These comments are in several sections (with a few notes at the bottom).
Have a look at the first and last sections and the long second section
if you are expecially interested. This second section is pretty long
and rambles a bit, but covers a wide range of issues centred on Gregor's
document. Hopefully it will help move the SDD forward.
Thanks, Steve
******************************************************************
SDD Special States
At some level the details of the SDD structure are less important than
its content. This is because few (if any) consuming applications will
use SDD other than as a source of information, this information being
translated into application-specific formats for processing and
analysis. This requires mapping SDD items to local items and this can
be done for any given SDD structure.
Taking this approach, I would make only one suggestion: generalize,
Generalize, GENERALIZE! What I mean is that the current Special States
document attempts to define all of the possible Special States that are
to be part of SDD and even goes so far as to exclude some potential
Special States. I would strongly suggest that SDD have a general method
for handling these, with at most a list of suggested Special States
rather than trying to be too restrictive. I firmly believe that it will
be extremely difficult (and short sighted) to try to define these as
part of the SDD Standard. The list of useful Special States is much
longer than the few suggested in the current document, and an extension
is even suggested at the end of the document, a "ToDo" Special State.
Many more can be thought of with little effort.

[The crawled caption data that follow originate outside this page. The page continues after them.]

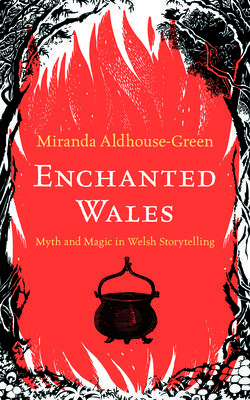 Enchanted Wales: Myth and Magic in Welsh Storytelling (Aldhouse-Green Miranda)(Pevná vazba)
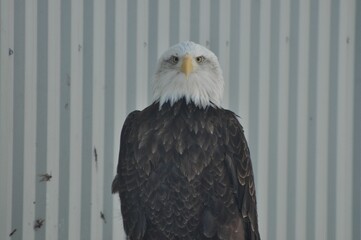 Animals are a traditionally (since the time of Aristotle) distinguished category of organisms, currently considered as a biological kingdom. Animals are the main object of zoology study.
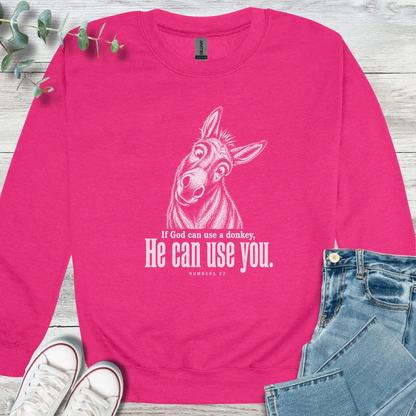 Balaam's Donkey - Christian graphic tee
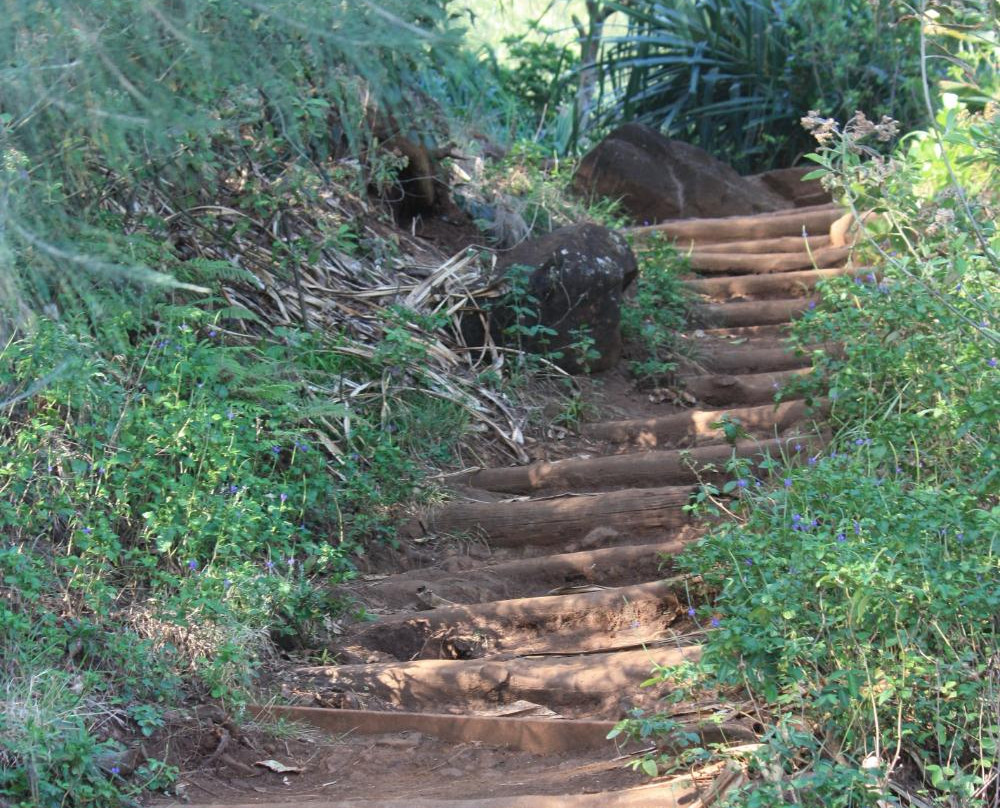 Hanakoa Falls-哈纳雷伊必去景点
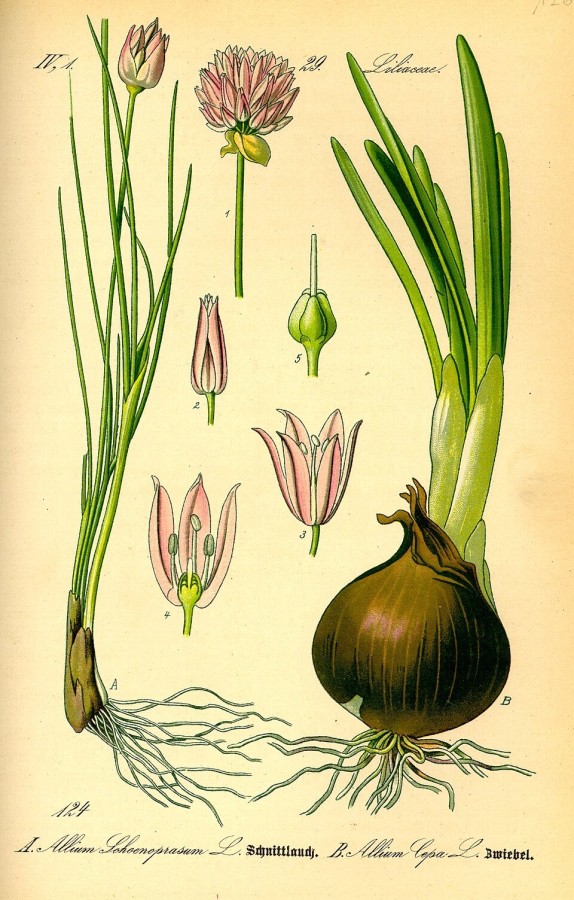 Cebollino manojo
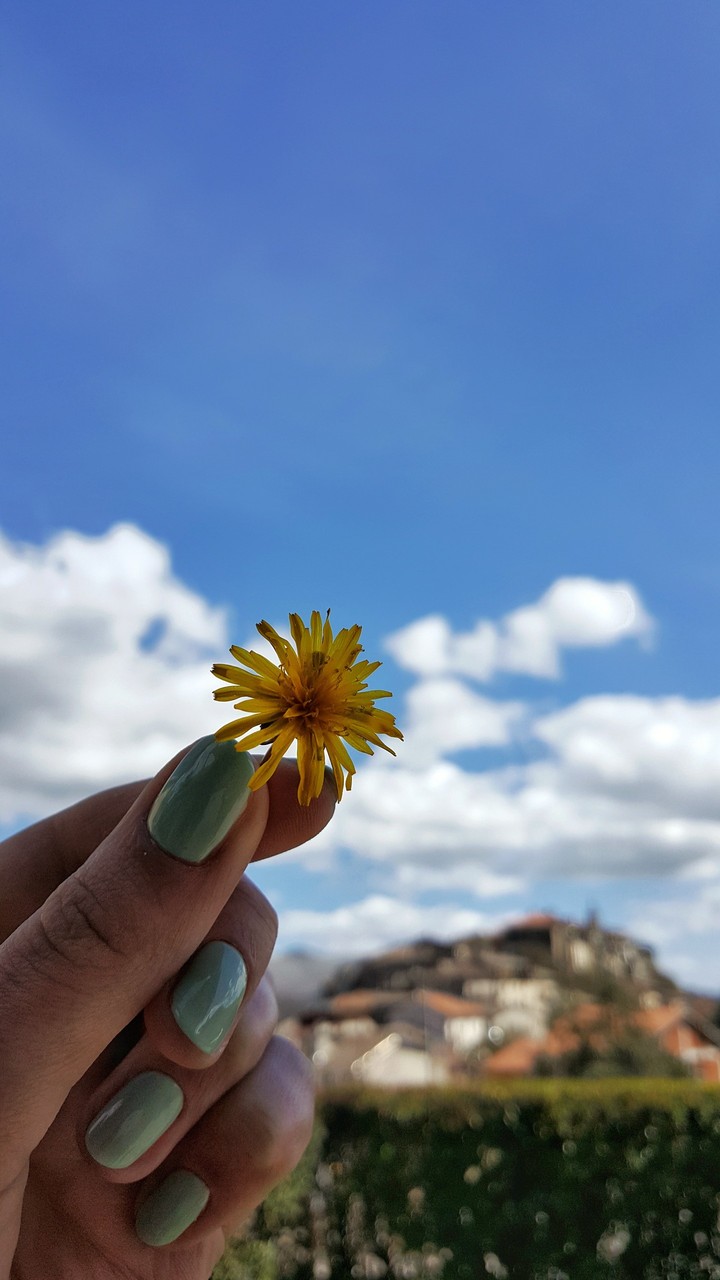 Spring is now!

This same difficulty (trying to be too specific) has arisen in related
activities within TDWG and has resulted in an unfortunate split among
participants. There are two camps within the specimen-based standards
group, one arguing for a complete description of specimens, the other
looking for a set of common items across most groups. The first group
has developed a "standard" with some 400 items while the second has
selected in the neighbourhood of 20 or so items. My impression is that
SDD is taking the first approach: study the problem long enough and the
entire universe of data items and their relationships can be documented.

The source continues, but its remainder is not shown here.